Every line between the one containing "Amazing Spider-man 238" and the last line of the data, both included, is to be set down exactly, and pictures are to be omitted.

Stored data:
►
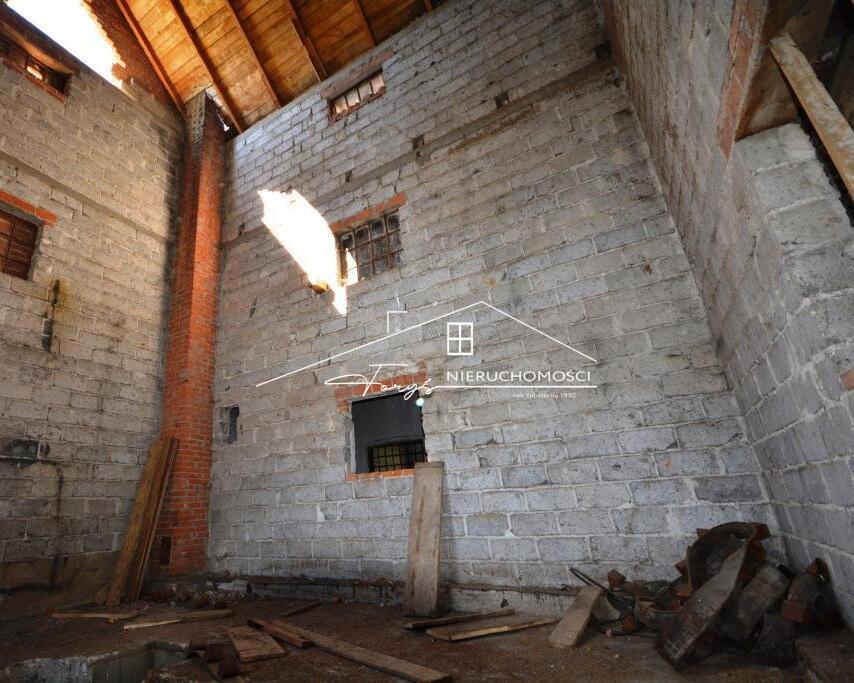 Na sprzedaż stary młyn z potencjałem inwestycyjnym  Walawa k. Przemyśla, 5700 m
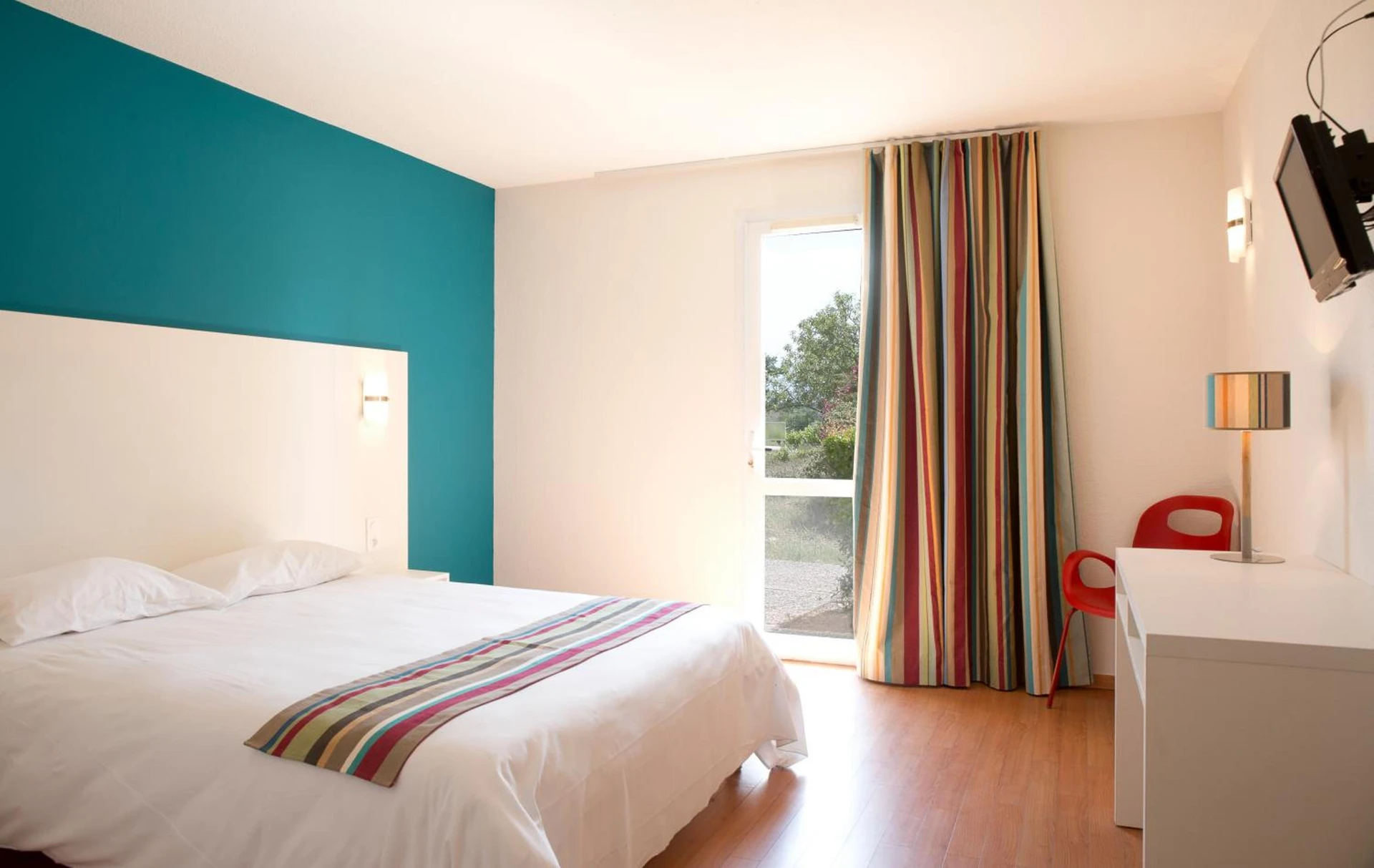 Chambre disponible pour un séminaire d'entreprise à Hotel Du Village Catalan - Banyuls-dels-Aspres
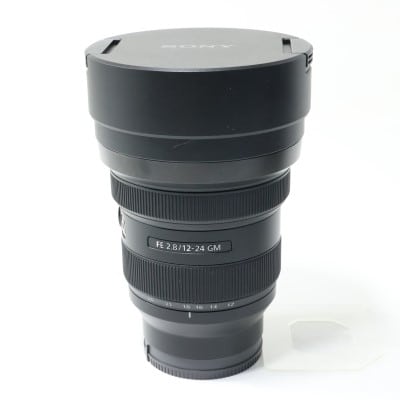 FE 12-24mm F2.8 GM SEL1224GM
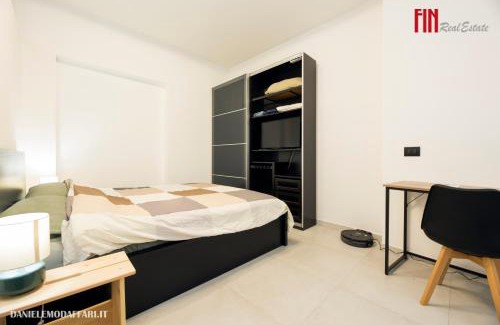Quartiere XXIV Don Bosco Apartment | Bilocale in Via Carducci -Portoria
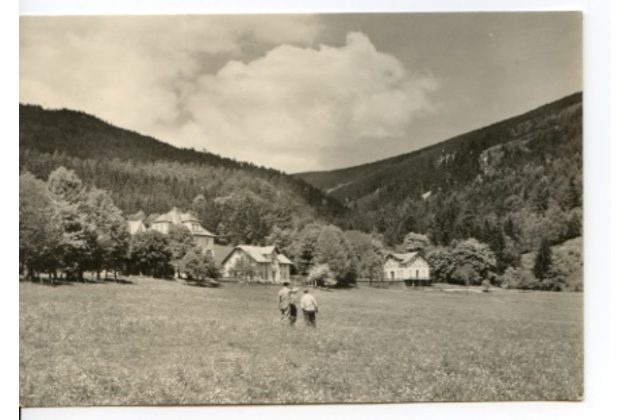 E 11576 - Jánské lázně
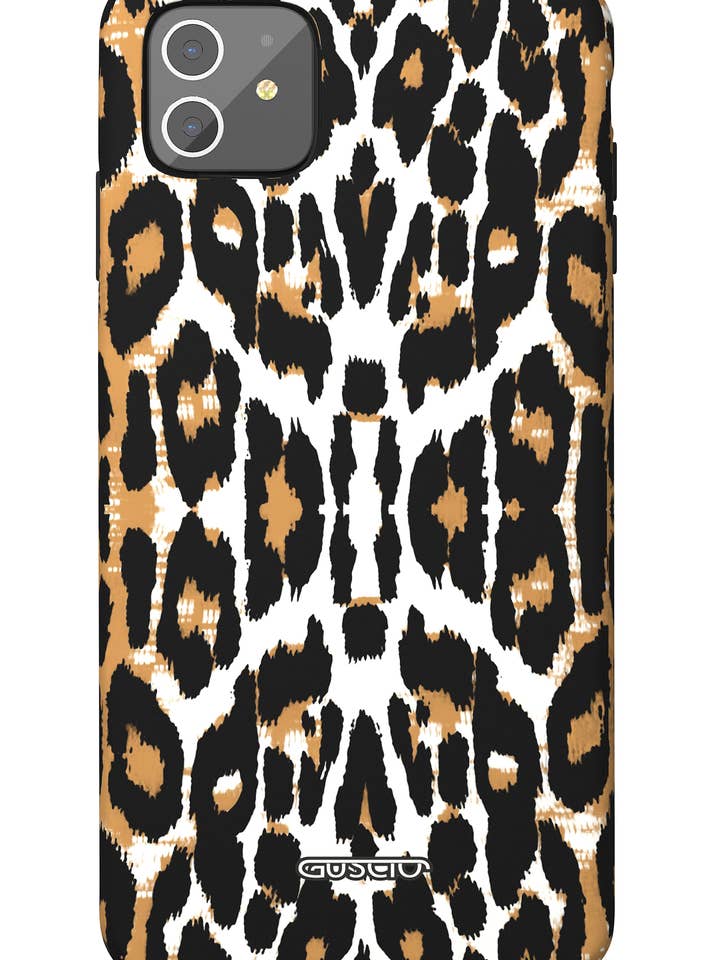 Capa Apple Soft Touch toda manchada por atacado de GUSCIO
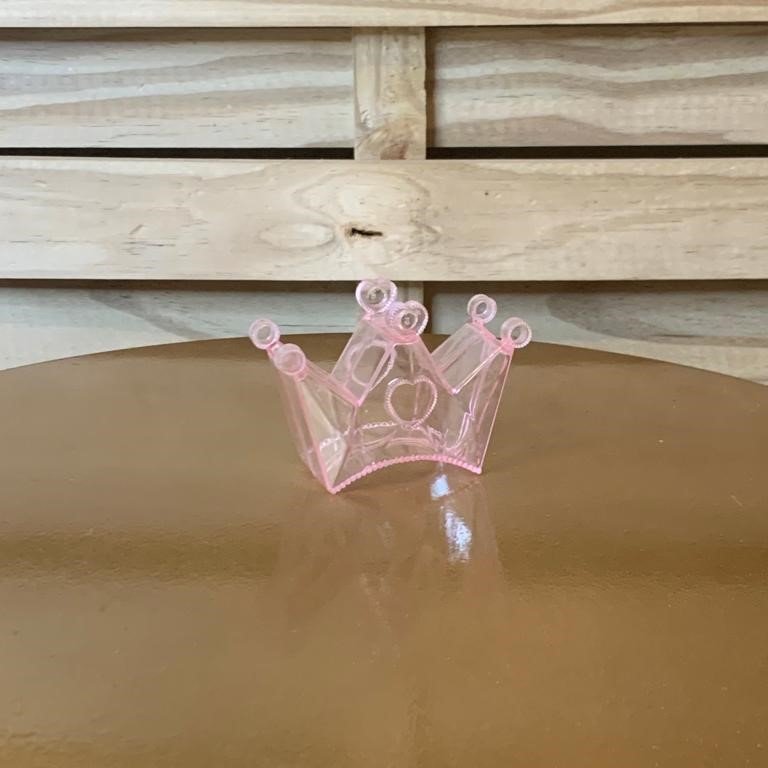 ENFEITE PLASTICO COROA PEQ CP0117 508392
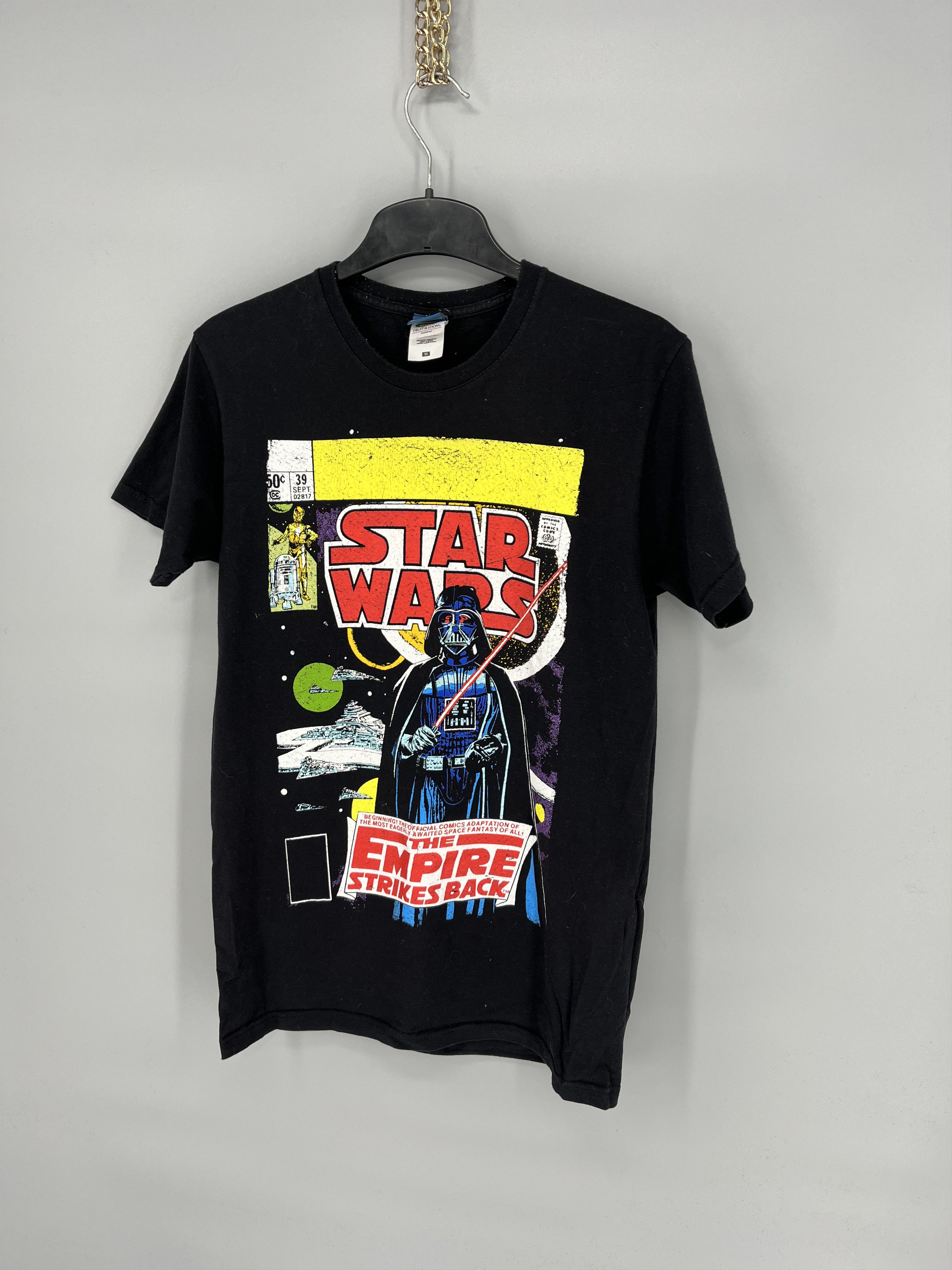 Star Wars Vintage Y2K Star Wars Comics Overprint Tee Size US S / EU 44-46 / 1 - 3 Thumbnail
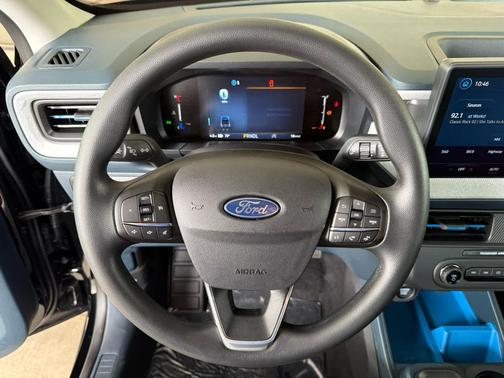 Shadow Black 2026 Ford Maverick XLT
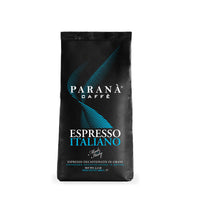 PARANA -Espresso Italiano Decaffeineited in coffee beans – 1 kg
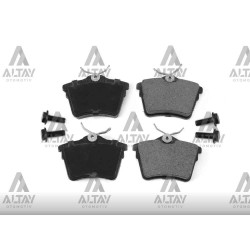 FREN BALATA 407 04-11 ARKA FREN BALATA 407 04-11 ARKA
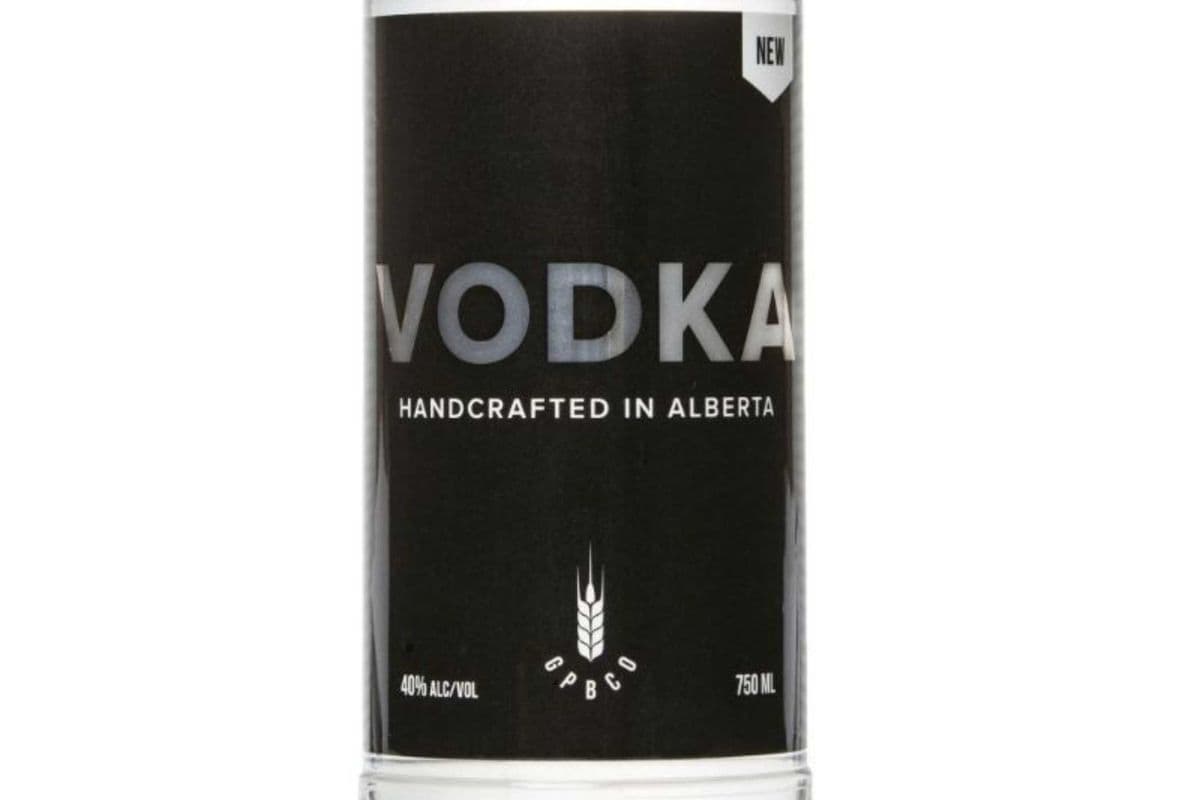 GPBCO Vodka (1 x 1.14L)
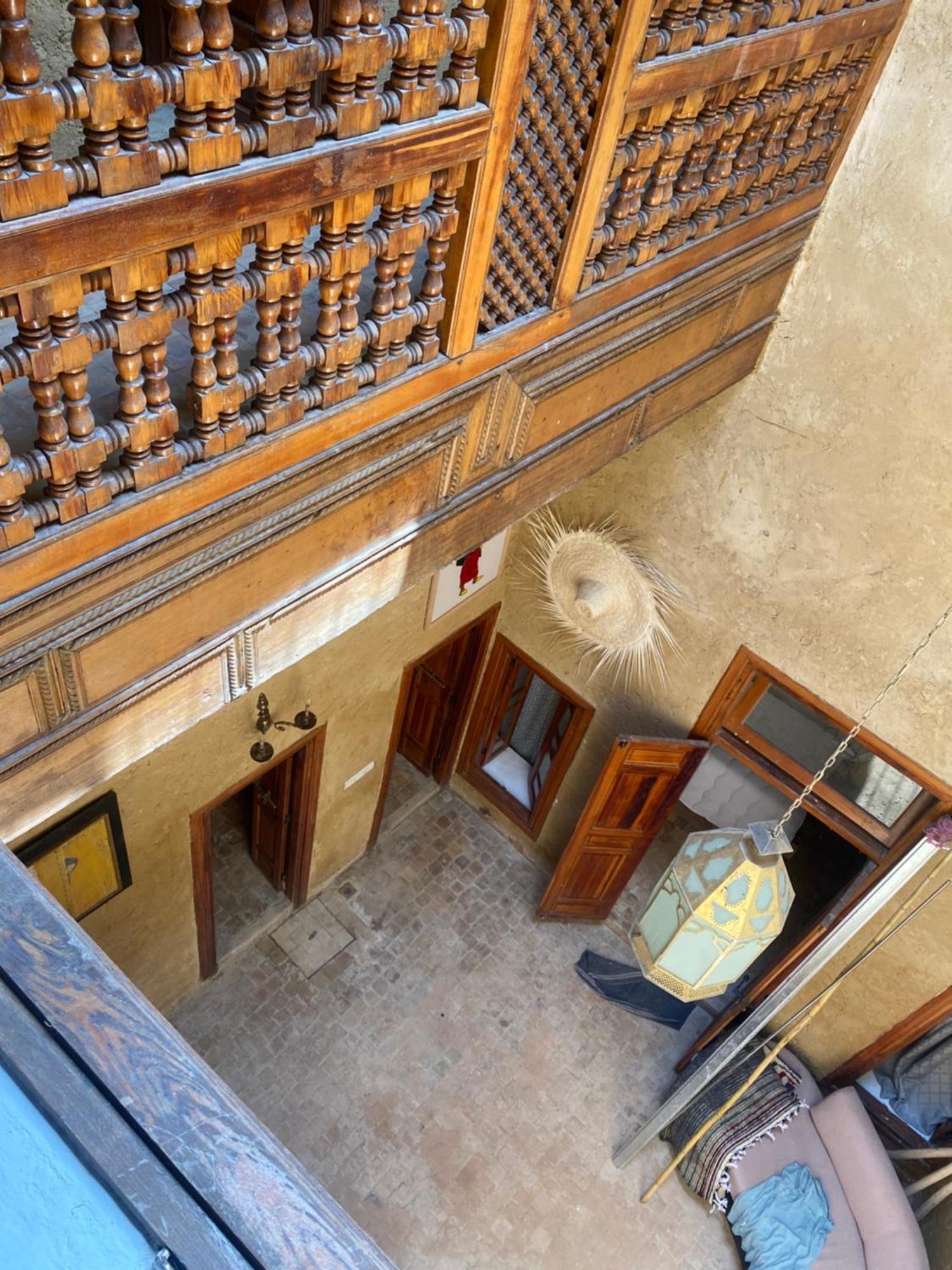 Nouvel Appartement Climatise Fez Exterior photo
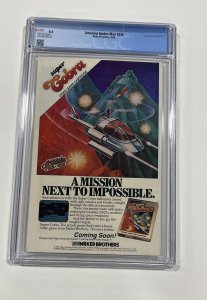 Amazing Spider-man 238 Cgc 238 8.5 wp Marvel 1983 1st Hobgoblin 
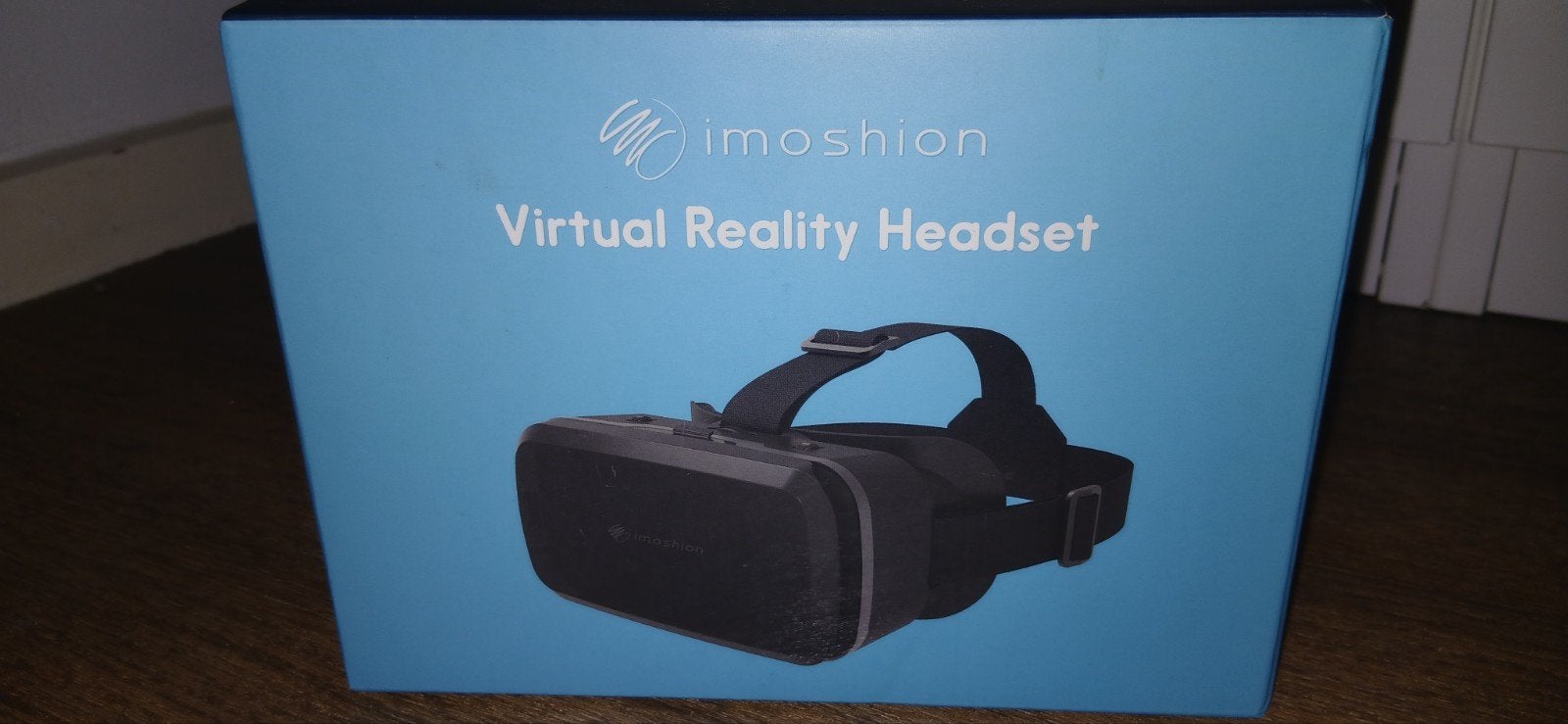 imoshion Virtual Reality Bril, Ophalen of Verzenden, Zo goed als nieuw, Telefoon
◄
Reply =>
 Amazing Spider-man 238 Cgc 238 8.5 wp Marvel 1983 1st Hobgoblin 
 imoshion Virtual Reality Bril, Ophalen of Verzenden, Zo goed als nieuw, Telefoon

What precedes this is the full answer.